Transcribe every entry that follows, word for word, and omit the images.

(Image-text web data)
++++++++++++++++++++

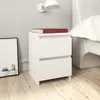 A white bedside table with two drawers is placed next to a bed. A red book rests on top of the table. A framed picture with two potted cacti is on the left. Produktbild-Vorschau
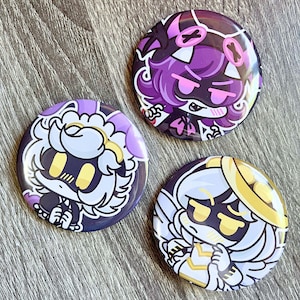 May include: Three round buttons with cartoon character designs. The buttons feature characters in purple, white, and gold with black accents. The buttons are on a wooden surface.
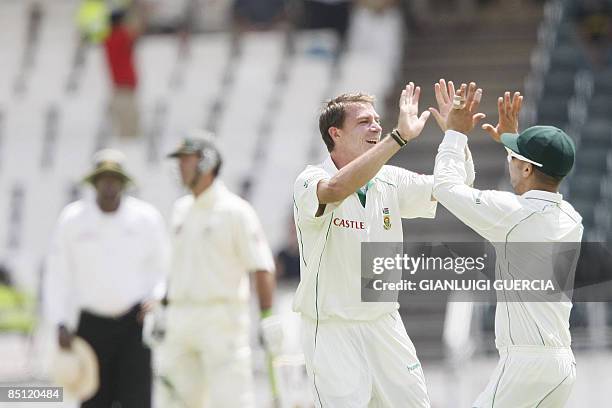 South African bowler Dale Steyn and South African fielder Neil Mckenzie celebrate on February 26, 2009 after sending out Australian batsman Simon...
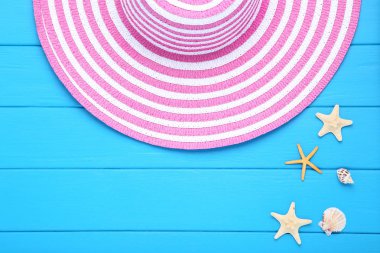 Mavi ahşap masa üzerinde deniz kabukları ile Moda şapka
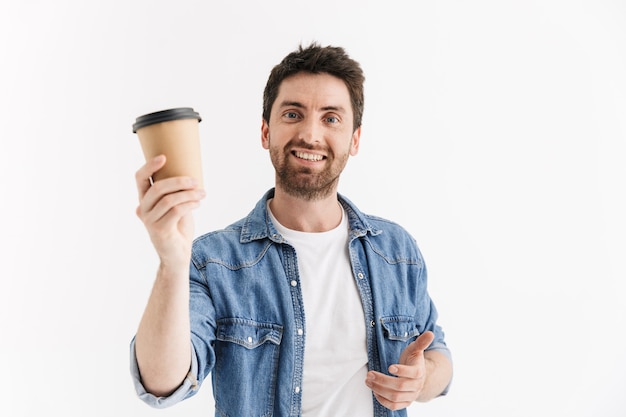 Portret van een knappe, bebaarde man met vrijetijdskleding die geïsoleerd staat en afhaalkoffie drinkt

++++++++++++++++++++

## Solution to this task
 A white bedside table with two drawers is placed next to a bed. A red book rests on top of the table. A framed picture with two potted cacti is on the left. Produktbild-Vorschau
 May include: Three round buttons with cartoon character designs. The buttons feature characters in purple, white, and gold with black accents. The buttons are on a wooden surface.
 South African bowler Dale Steyn and South African fielder Neil Mckenzie celebrate on February 26, 2009 after sending out Australian batsman Simon...
 Mavi ahşap masa üzerinde deniz kabukları ile Moda şapka
 Portret van een knappe, bebaarde man met vrijetijdskleding die geïsoleerd staat en afhaalkoffie drinkt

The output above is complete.